What Are the Financial Issues You Seek to Solve?
With the facts now in front of you, start spotting the issues. Beyond concretizing, an important but often overlooked financial issue is your own emotions. Money is often associated with negative emotions like fear, guilt, shame, envy, and embarrassment. Furthermore, individuals who experience high stress tend to spend money excessively. If your financial situation is a source of anxiety, critically analyze your fact pattern as a reasonable third party. What trends are apparent? What worries you the most?
Consider the key parties, including yourself. Assign “liability” for the income and expenses: where is the money going and why? What events triggered expenditures? Every identified issue is an opportunity to improve your financial outlook.
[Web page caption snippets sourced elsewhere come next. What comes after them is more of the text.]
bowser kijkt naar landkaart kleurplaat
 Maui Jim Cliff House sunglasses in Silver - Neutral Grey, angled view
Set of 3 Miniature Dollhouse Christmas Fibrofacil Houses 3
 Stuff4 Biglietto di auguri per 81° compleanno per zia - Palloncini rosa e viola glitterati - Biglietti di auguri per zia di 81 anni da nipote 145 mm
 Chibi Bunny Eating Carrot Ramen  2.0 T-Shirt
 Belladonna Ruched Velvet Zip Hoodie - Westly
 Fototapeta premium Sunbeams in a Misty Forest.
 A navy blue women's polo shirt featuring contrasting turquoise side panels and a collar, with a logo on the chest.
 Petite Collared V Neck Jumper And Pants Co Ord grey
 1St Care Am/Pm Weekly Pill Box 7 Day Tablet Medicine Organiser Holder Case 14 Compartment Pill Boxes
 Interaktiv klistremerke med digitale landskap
Prioritize the issues you’ve written down and focus on one to start.
What Financial Rules Apply?
Clearly state the rules limiting your financial control and contributing to your spending. Formal obligations include minimum monthly payment amounts, late fees, and interest rates, while informal financial expectations are contributions to family, civic organizations, or faith tithes.
What implicit social expectations affect you financially? Are you in a practice area where the appearance of wealth is important? Does driving between multiple courts increase your car expenses? Financial peer pressure, masked as the “cost of doing business,” can quickly balloon expenses.
What Is the Analysis of Your Financial Situation?
Thus far, you’ve connected the facts to the issues and controlling rules. Your next goal is to research the advantages of different models like 50%30%20%, zero-based, cash-only, snowball, reverse, traditional, pay-yourself-first, values-based, continuous, or priorities-based budgeting.
These techniques can help you decrease spending, repay debt, or increase savings. However, the elements of each budget style vary greatly. Some styles are highly time- and effort-intensive, while others are simple divisions of cost. Are you looking to change some bad habits or your whole lifestyle? Your analysis should match your financial reality with future goals.
What Is Your Budget Conclusion?
State your budget conclusion for each issue. There is no right or wrong answer.
If the issue is unnecessary expenses, evidenced by multiple late fees and high interest under the credit card policy, you may conclude that priority-based budgeting is ideal. On the other hand, snowball budgeting may be best if the issue includes multiple credit card balances.
Perhaps you’re anxious about anemic savings and no rainy-day fund. If the facts indicate multiple video streaming services and frequent dinners out, you may choose the 50%/30%/20% or the pay-yourself-first model to prioritize your savings before spending.
Final Thoughts
Do you manage your money, or does your money manage you? Financial self-awareness is an iterative and recursive process that takes time and revision. Start with one issue but invest in the process as you reframe your thinking. You’re not cutting out fun; you’re behaving smarter as you spend, save, borrow, and plan your financial well-being.